RECORDS SHOWN: Begin

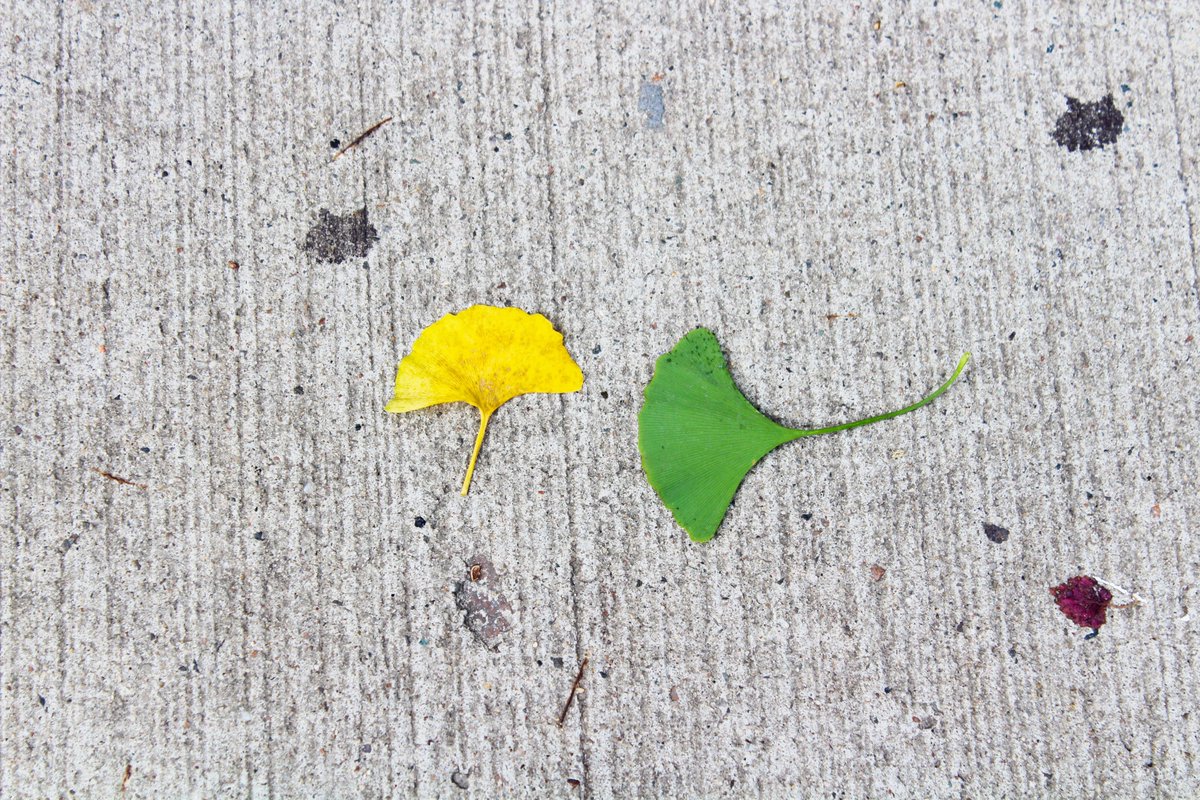 lifeinsuttonpl's tweet image. 3. Take a walk to enjoy the cool crisp air and leaves changing colors in Sutton Place.  

#suttonplace #coolair #treesofnewyork #colors #midtowneastnyc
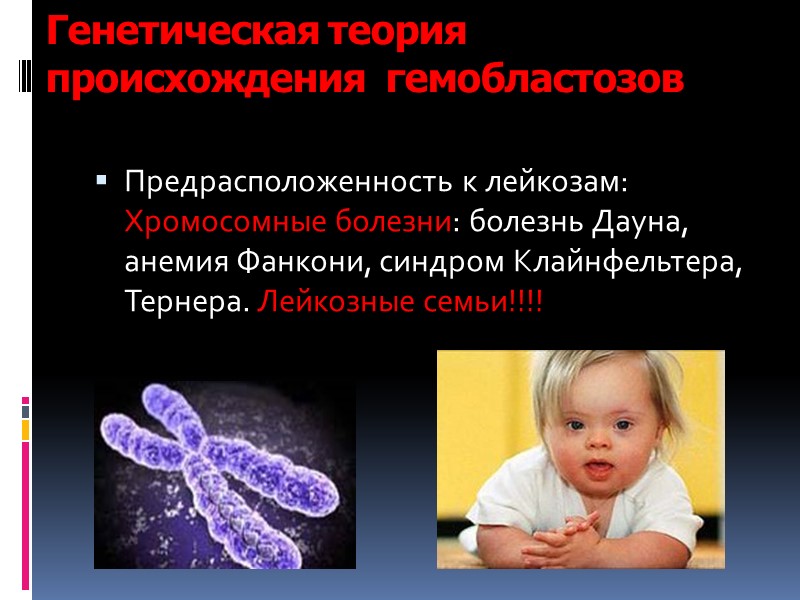 Генетическая теория происхождения  гемобластозов Предрасположенность к лейкозам: Хромосомные болезни: болезнь Дауна, анемия Фанкони,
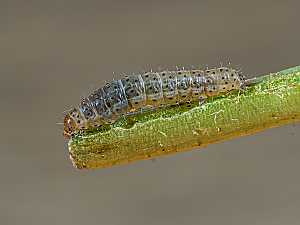 Xestia sexstrigata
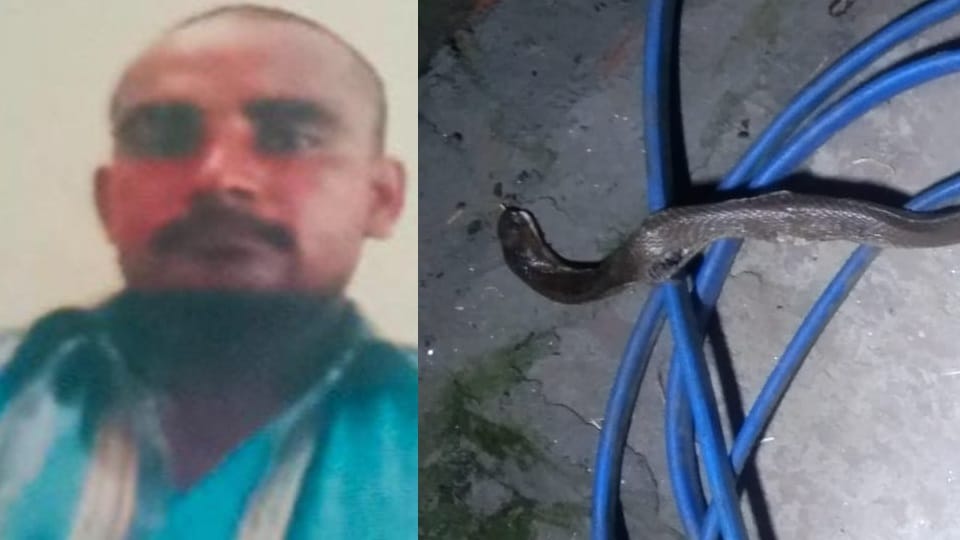 Farmer Died after bitten by snake in panipat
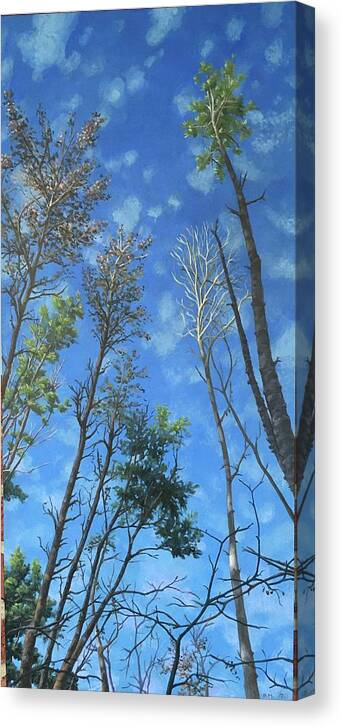 Trees Canvas Print featuring the painting The Heights by Don Morgan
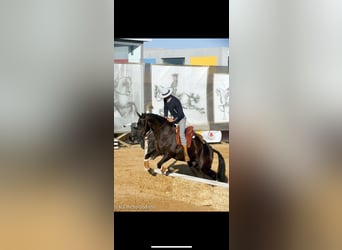 Lusitanos, Wallach, 10 Jahre, 161 cm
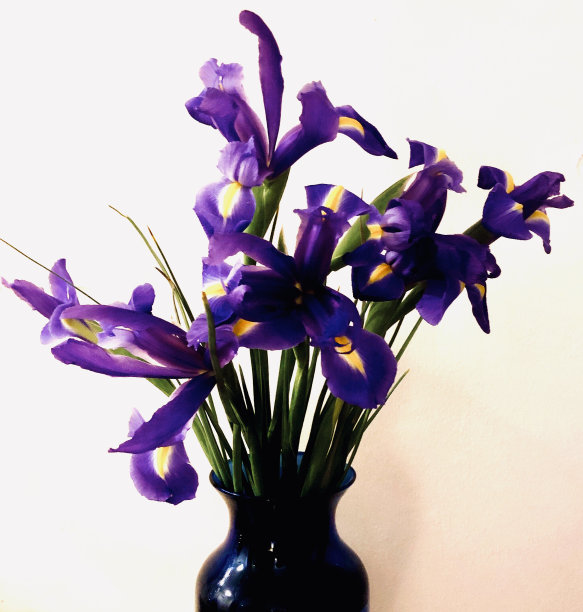 蓝色花瓶里的一束鸢尾花图片下载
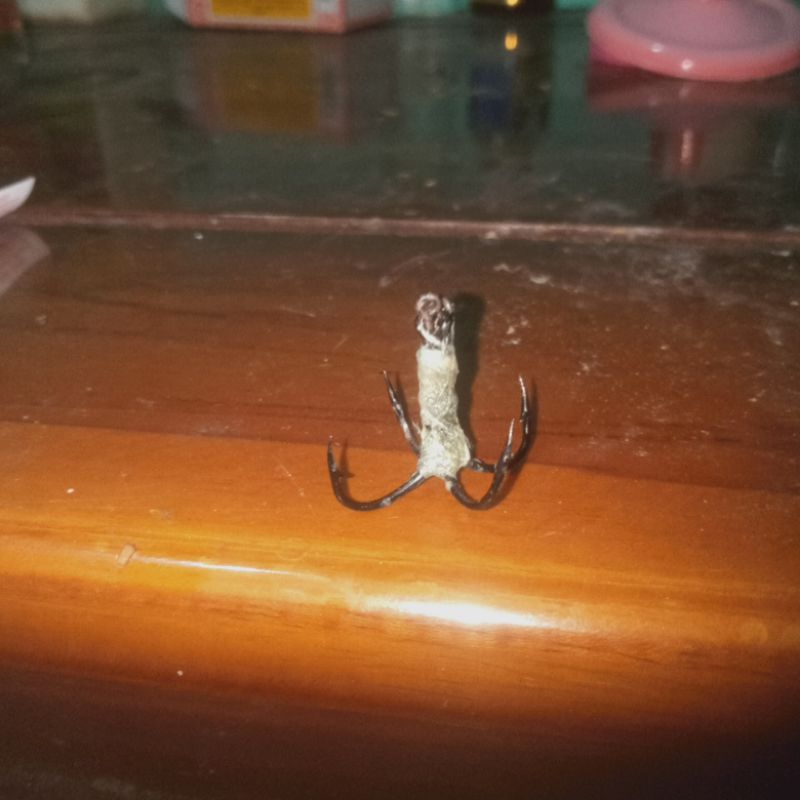 mata kail garong cabang 4 untuk ikan blanak,kiper,baronang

RECORDS SHOWN: End

__ASSIGNMENT__
Return all of the material precisely as written. No picture belongs in it.

__TASK SOLUTION__
 lifeinsuttonpl's tweet image. 3. Take a walk to enjoy the cool crisp air and leaves changing colors in Sutton Place.  

#suttonplace #coolair #treesofnewyork #colors #midtowneastnyc
 Генетическая теория происхождения  гемобластозов Предрасположенность к лейкозам: Хромосомные болезни: болезнь Дауна, анемия Фанкони,
 Xestia sexstrigata
 Farmer Died after bitten by snake in panipat
 Trees Canvas Print featuring the painting The Heights by Don Morgan
 Lusitanos, Wallach, 10 Jahre, 161 cm
 蓝色花瓶里的一束鸢尾花图片下载
 mata kail garong cabang 4 untuk ikan blanak,kiper,baronang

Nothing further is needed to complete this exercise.